Bride, betrayal and bloodshed in Telangana

The Hindua day ago
The jasmine garlands on the gate had barely withered when the mourning began. Just weeks after a grand wedding in Gadwal, about 190 kilometres from Hyderabad, Ganta Tejeshwar vanished without a trace, and his bride wept the loudest.
She held her mother-in-law's hand, filed a missing person's report and prayed fervently, pleading for the safe return of her 30-year-old husband. But the truth, as it would soon unravel, was far darker than anyone could imagine.
Today, the dirt road that snakes past Gadwal Fort into Ganjipet lies heavy with silence. It's late June — hot, humid, and unnervingly quiet. Not long ago, the same lane rang with wedding songs, laughter and the clink of bangles. Now, only hushed murmurs and the occasional sob of the youth's grieving parents punctuate the air.
At the edge of a dusty, unpaved lane, Tejeshwar's bungalow — once the centre of celebration — stands shrouded in sorrow. Neighbours and villagers arrive in trickles, whispering the same question: How could a newlywed bride plot something so brutal?
Inside, his parents — 63-year-old Jayaramulu, a retired land surveyor, and 56-year-old Shakuntala — sit side by side on a single bed in their spacious living room, their backs against a wall that gleamed with wedding silks just weeks ago. Between them, they clutch a framed photo of Tejeshwar, their fingers trembling, the glass misted with tears.
'We waited so long to see him married,' Shakuntala whispers, her voice cracked and eyes downcast. 'And now, this is all we have left.'
Beside them sits his twin, Tejavardhan, face lit only by the glow of his phone screen. He scrolls through old Instagram reels, of Tejeshwar dancing to a Telugu song in a park. In another, he is seen leading a group of children. 'Dancing was his passion,' Tejavardhan says, his voice low. 'It never worked out as a career, but he never stopped. He danced for the love of it.'
Tejeshwar was more than a brother, more than a son. He was the family's pride: a private land surveyor waiting on a long-anticipated government posting, and a self-taught dance instructor loved by local children.
From cold feet to a cold plot
The match had come through mutual acquaintances. Ishwarya, from Kurnool in neighbouring Andhra Pradesh, was poised, well-spoken and a seemingly perfect fit, matching Tejeshwar in height. The engagement was celebrated on December 26, 2024, and the wedding was finalised for February 13 this year.
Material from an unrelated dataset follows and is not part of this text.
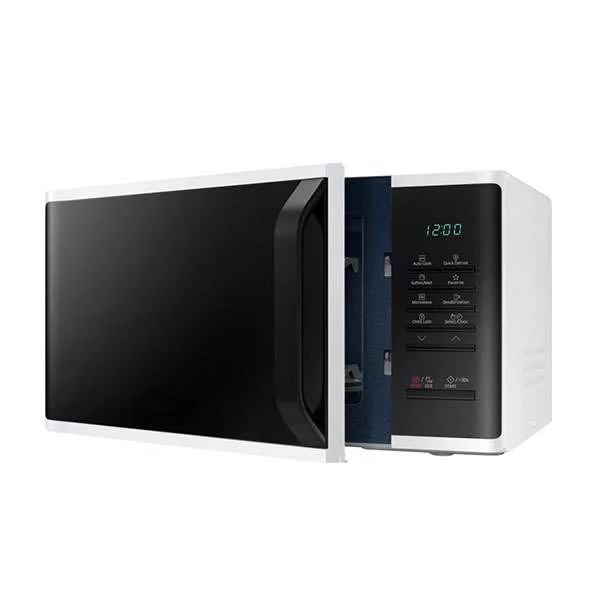 مایکروویو مدل MS23K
The family spared no expense — 1,000 invitations printed with intricate gold detailing, maroon accents on beige paper and a gleaming Lord Ganesha motif at the centre. The K.S. Function Hall on Kurnool Road was booked, the caterers finalised, the menu planned down to the last sweet.
But just a week before the wedding, Ishwarya disappeared.
'She stopped answering calls. Her phone was switched off. Tejeshwar waited and then finally called her mother,' recalls Boya Srinivas, his brother-in-law. The news that followed shocked everyone — Ishwarya had fled to Chennai. No explanation, no warning.
The wedding was called off. The family lost thousands to vendors, priests and decorators. More than the money, it was the embarrassment and heartbreak that stung.
And then, just as suddenly, she returned.
'She told Tejeshwar that her mother had pressured her to back out because they couldn't handle the financial strain,' Srinivas says. 'She cried, begged him to take her back.'
Against the advice of his family and the pleas of his twin, Tejeshwar forgave her.
Tejavardhan, unable to accept his brother's decision, moved out of the family home and rented a house nearby. 'I told him she was already in a relationship. I had done a background check and warned him,' he says, shaking his head, disbelief still fresh in his voice. 'But he wouldn't listen.'
'He said she loved him, and that was enough,' his father Jayaramulu adds, now bedridden after a recent accident. He recalls how Tejeshwar went from one relative to another, asking them to help convince the family. He was determined to make it work.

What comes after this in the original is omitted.